### Task goal
Across all the entries, tally the lines holding the word "Street", and give the number by itself.
Content starts
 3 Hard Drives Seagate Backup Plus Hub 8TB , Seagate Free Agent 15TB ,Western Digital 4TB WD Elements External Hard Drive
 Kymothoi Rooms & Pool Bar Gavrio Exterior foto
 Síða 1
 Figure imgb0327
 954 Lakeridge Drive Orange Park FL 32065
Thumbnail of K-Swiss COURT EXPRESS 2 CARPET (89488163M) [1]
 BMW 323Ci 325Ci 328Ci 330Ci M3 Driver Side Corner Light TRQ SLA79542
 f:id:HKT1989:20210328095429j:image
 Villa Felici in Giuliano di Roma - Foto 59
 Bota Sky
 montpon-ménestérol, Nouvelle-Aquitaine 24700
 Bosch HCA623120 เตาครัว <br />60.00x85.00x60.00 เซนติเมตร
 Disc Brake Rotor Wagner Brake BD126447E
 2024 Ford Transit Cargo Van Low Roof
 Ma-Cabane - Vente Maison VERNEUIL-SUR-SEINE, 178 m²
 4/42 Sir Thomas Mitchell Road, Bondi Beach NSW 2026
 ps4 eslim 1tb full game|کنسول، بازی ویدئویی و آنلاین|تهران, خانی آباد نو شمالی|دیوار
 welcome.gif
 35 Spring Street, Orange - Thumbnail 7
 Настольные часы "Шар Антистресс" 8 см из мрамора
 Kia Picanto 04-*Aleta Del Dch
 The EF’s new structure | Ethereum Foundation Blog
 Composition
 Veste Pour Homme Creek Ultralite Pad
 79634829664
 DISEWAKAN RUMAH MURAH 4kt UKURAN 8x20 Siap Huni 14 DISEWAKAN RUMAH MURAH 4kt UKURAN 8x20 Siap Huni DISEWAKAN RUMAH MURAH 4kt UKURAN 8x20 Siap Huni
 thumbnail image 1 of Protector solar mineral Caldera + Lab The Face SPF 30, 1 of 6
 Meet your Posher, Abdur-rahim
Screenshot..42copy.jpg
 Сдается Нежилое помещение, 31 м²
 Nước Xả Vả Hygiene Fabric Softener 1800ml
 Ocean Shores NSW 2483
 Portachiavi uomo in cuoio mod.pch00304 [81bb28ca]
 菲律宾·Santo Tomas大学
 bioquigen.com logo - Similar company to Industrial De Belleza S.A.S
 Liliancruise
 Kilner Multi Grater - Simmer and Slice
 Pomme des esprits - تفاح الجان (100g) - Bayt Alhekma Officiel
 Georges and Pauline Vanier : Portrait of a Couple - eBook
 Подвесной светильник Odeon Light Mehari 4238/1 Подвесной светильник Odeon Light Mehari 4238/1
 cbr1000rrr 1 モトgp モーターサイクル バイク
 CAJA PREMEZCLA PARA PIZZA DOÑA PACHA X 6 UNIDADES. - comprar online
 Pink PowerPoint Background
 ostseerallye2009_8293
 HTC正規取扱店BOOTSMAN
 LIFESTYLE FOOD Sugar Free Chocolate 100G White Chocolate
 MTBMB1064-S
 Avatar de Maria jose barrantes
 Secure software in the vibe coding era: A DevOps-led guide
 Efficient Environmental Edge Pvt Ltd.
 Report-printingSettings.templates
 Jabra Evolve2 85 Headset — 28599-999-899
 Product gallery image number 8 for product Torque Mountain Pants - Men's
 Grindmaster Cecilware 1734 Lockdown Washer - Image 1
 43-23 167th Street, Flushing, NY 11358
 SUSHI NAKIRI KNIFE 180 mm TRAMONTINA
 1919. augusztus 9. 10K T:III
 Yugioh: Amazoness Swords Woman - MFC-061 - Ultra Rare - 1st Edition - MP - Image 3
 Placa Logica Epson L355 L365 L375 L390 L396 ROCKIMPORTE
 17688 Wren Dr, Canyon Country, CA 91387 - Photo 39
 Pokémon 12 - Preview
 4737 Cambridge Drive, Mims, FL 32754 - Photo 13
Content ends
### Response to the exercise
2